Here, the predictive value of baseline NLR and subsequent kinetics for survival were consistently observed. A high dNLR within 3 months could further stratify the OS only in patients with an elevated baseline NLR (≥2.4). Neither PLR nor dPLR was predictive of OS or PFS in this cohort. Only one prior study has evaluated the predictive role of NLR and PLR in a dynamic setting in HCC patients treated with SBRT.24 They focused on a population with small HCC and CTP class A liver function, among them only 50 patients had an available peri-treatment immune profile (taken at median 7 days before and 10 days after SBRT) for analysis. They found that the low post-SBRT PLR <263 and limited NLR kinetics <2.7-fold were predictive of better OS and/or PFS, whereas baseline values of these parameters had no association with patients’ survival. The discrepancy between that study and the present study may be due to differences in the composition of the enrolled populations.

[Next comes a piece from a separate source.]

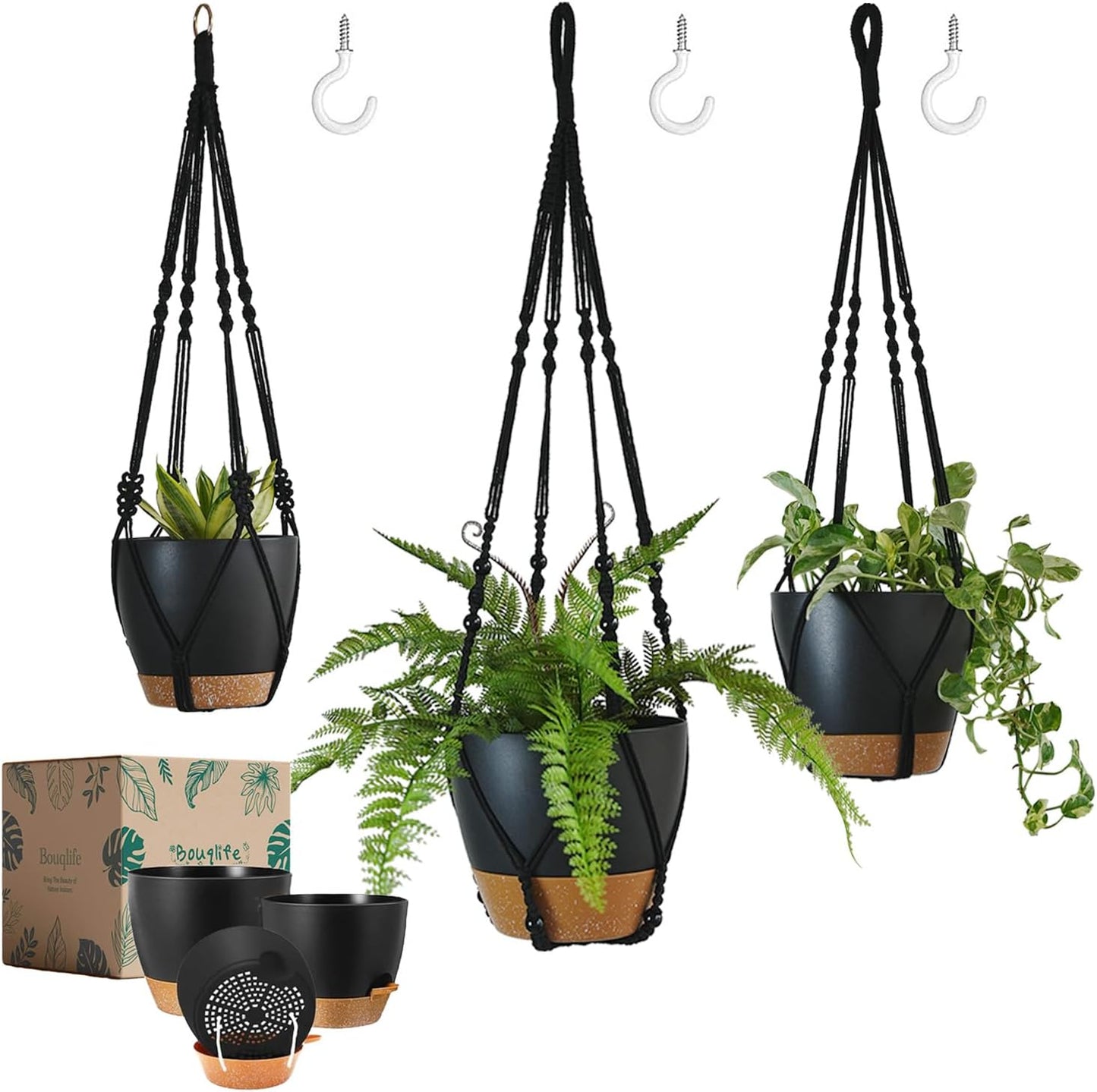 3 Pack Self Watering Hanging Planters Macrame Plant Hangers with Indoor Flower Pots, 3 Different Size Hanging Basket, Plant Hanger with Hooks for Garden Home Decor Black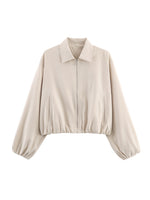 Load image into Gallery viewer, Puff Hem Zip Up Baseball Jacket Women N6A150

Baseline liver reserve by CTP class is an established criterion in candidate selection and/or dose constraints in liver radiotherapy, where CTP A patients had better radiation tolerance and less liver toxicity compared to CTP B/C groups as shown in this cohort and most studies. The mechanisms by which SBRT confers liver toxicity and the causes for different toxicity results between liver function groups remain to be elucidated. A divergent activity of pro-inflammatory cytokines, such as tumor necrosis factor α, was noted between HCC patients of different CTP scores at baseline and early during liver SBRT.35,36 This variable cytokine profile by liver function was suggested to mediate the differential radiation sensitivity of the liver and the development of liver toxicity, thereby affecting survival. In this cohort, the baseline CTP class was identified as the only predictor of dNLR after SBRT, and the difference in dNLR between CTP groups mainly arises from the post-SBRT change. It supports the presence of variable pro-inflammatory effects of radiation by liver function, probably through their divergent cytokine profile, contributing to the individual radiation tolerance. Given that dNLR is not predictive of PFS in this cohort, the OS difference between dNLR groups is likely attributable to their differential risk of liver toxicity. An augmented inflammation may be a key component for liver dysfunction after radiation, where dNLR of 1.9 is the optimal threshold for developing liver toxicity. In this regard, liver toxicity may be targetable with anti-inflammatory pharmaceuticals, and dNLR may be a monitoring tool for managing liver toxicity.37

This study had several limitations. First, given the retrospective nature of the study, peri-SBRT CBC data were not acquired at the same time point; it may add bias in measuring dNLR. Second, most included patients have underlying HBV infection and advanced disease; thus, the results may not be generalizable to the population of different aetiology or stage. Third, the long study duration causes the heterogeneity in the selection of radiotherapy machine and the technique to manage breathing motion. Fourth, the study was limited by relatively small numbers of patients in one institute; although this is the largest study on peri-SBRT immune changes. The effect of sequential treatments for recurrent tumors on the OS was also hard to estimate. Lastly, liver toxicity analysis was limited because of some missing data. Further validation in an independent cohort is warranted.

Conclusion

Our data demonstrate that liver SBRT produces a systemic pro-inflammatory effect as measured by dNLR in most HCC patients. Baseline NLR and dNLR can complementarily predict OS outcomes following SBRT for HCC. dNLR was associated with patients’ baseline liver function that is linked to risk of liver toxicity, suggesting the role of augmented inflammation in the development of radiation-related liver damage, where dNLR of 1.9 may be an optimal threshold. Additional studies are warranted to validate the prognostic value of dNLR and disclose their underlying mechanism in relation to liver toxicity.